You can use Impala to query data residing on the Amazon S3 object store. This capability allows convenient access to a storage system that is remotely managed, accessible from anywhere, and integrated with various cloud-based services. Impala can query files in any supported file format from S3. The S3 storage location can be for an entire table, or individual partitions in a partitioned table.
The following guidelines summarize the best practices described in the rest of this topic:
Any reference to an S3 location must be fully qualified when S3 is
not designated as the default storage, for example,
s3a:://[s3-bucket-name]
.
Set fs.s3a.connection.maximum
to 1500 for
impalad.
Set fs.s3a.block.size
to 134217728 (128 MB in
bytes) if most Parquet files queried by Impala were written by Hive
or ParquetMR jobs.
Set the block size to 268435456 (256 MB in bytes) if most Parquet files queried by Impala were written by Impala.

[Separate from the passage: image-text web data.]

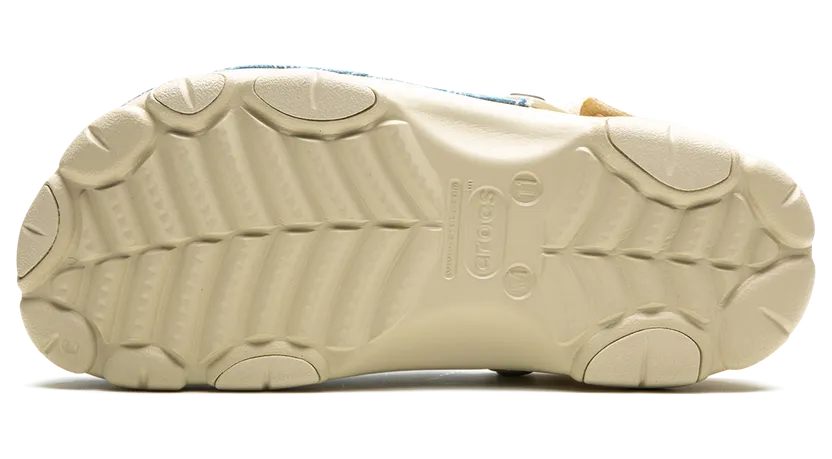 crocs-classic 208917-2Y2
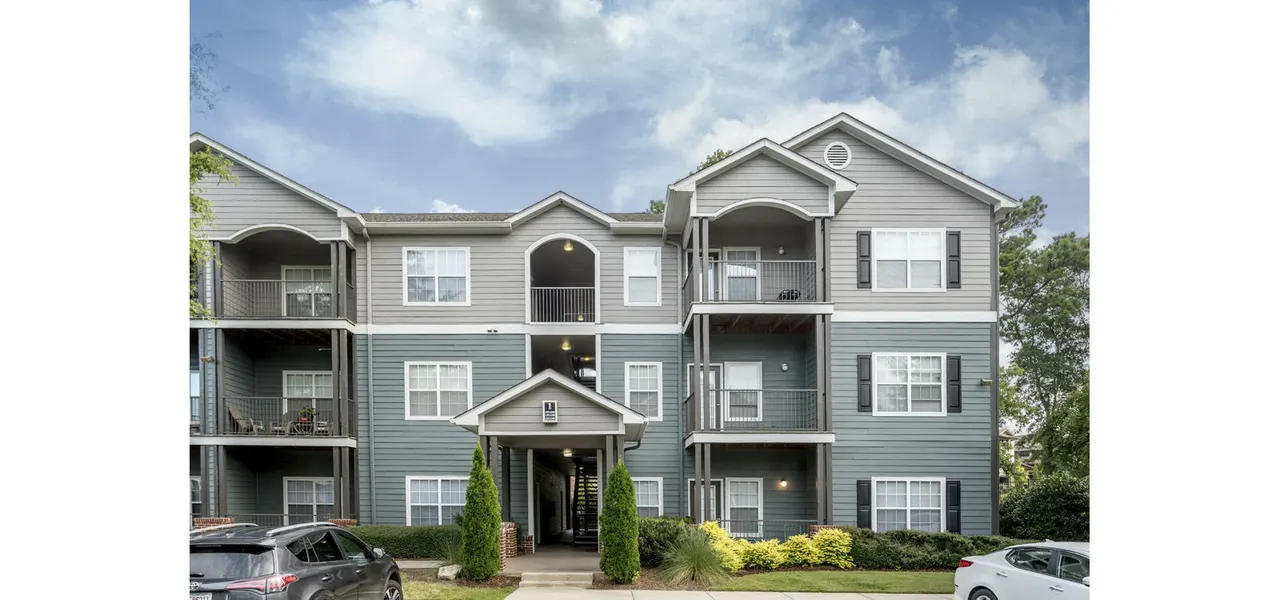Peachtree Landing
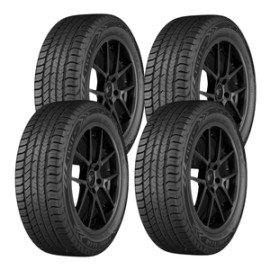 Paquete de 4 Llanta 205/55 R16 GOODYEAR EAGLE SPORT 2 91V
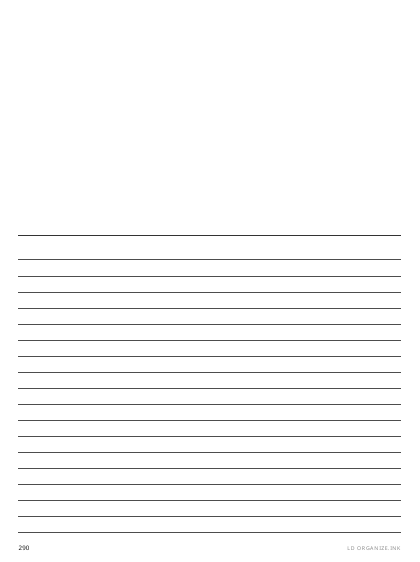Letter Divider preview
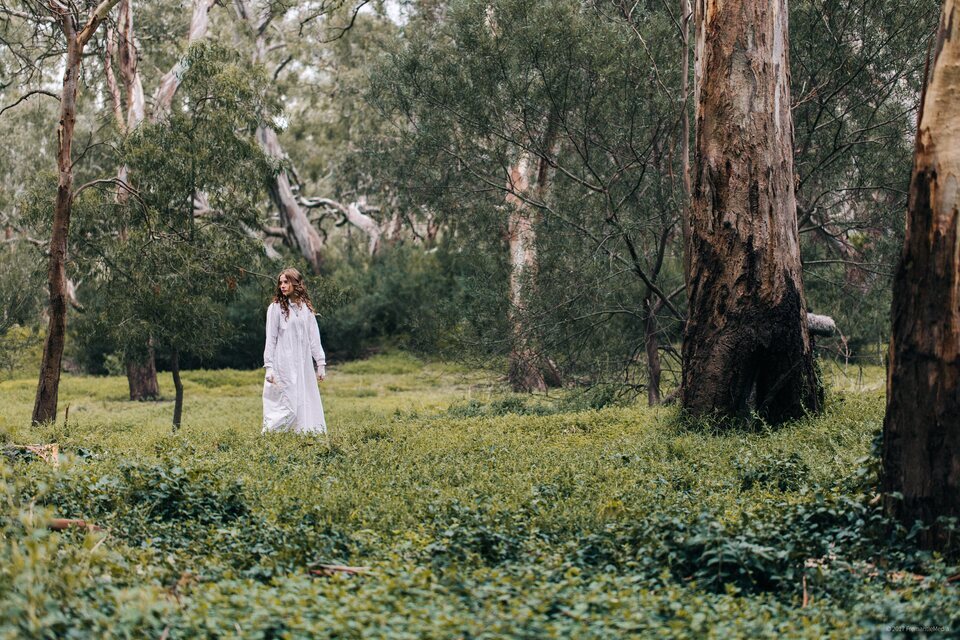 El misterio de Hanging Rock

Starting in Impala 3.4.0, instead of
fs.s3a.block.size
, the
PARQUET_OBJECT_STORE_SPLIT_SIZE
query option
controls the Parquet-specific split size. The default value is 256
MB.
DROP TABLE .. PURGE
is much faster than the default
DROP TABLE
. The same applies to ALTER
TABLE ... DROP PARTITION PURGE
versus the default
DROP PARTITION
operation. Due to the eventually
consistent nature of S3, the files for that table or partition could
remain for some unbounded time when using PURGE
.
The default DROP TABLE/PARTITION
is slow because
Impala copies the files to the S3A trash folder, and Impala waits
until all the data is moved. DROP TABLE/PARTITION ..
PURGE
is a fast delete operation, and the Impala
statement finishes quickly even though the change might not have
propagated fully throughout S3.
INSERT
statements are faster than INSERT
OVERWRITE
for S3. The query option
S3_SKIP_INSERT_STAGING
, which is set to
true
by default, skips the staging step for
regular INSERT
(but not INSERT
OVERWRITE
). This makes the operation much faster, but
consistency is not guaranteed: if a node fails during execution, the
table could end up with inconsistent data. Set this option to
false
if stronger consistency is required,
however, this setting will make the INSERT
operations slower.
For Impala-ACID tables, both INSERT
and
INSERT OVERWRITE
tables for S3 are fast,
regardless of the setting of
S3_SKIP_INSERT_STAGING
. Plus, consistency is
guaranteed with ACID tables.
Too many files in a table can make metadata load and update slow in S3. If too many requests are made to S3, S3 has a back-off mechanism and responds slower than usual.
INSERT
queries, use bulk
INSERT
s so that more data is written to fewer
files. Impala SQL statements work with data in S3 as follows:
The CREATE
TABLE or ALTER TABLE statement can specify that a table resides in
the S3 object store by encoding an s3a://
prefix
for the LOCATION
property. ALTER
TABLE
can also set the LOCATION
property
for an individual partition so that some data in a table resides in
S3 and other data in the same table resides on HDFS.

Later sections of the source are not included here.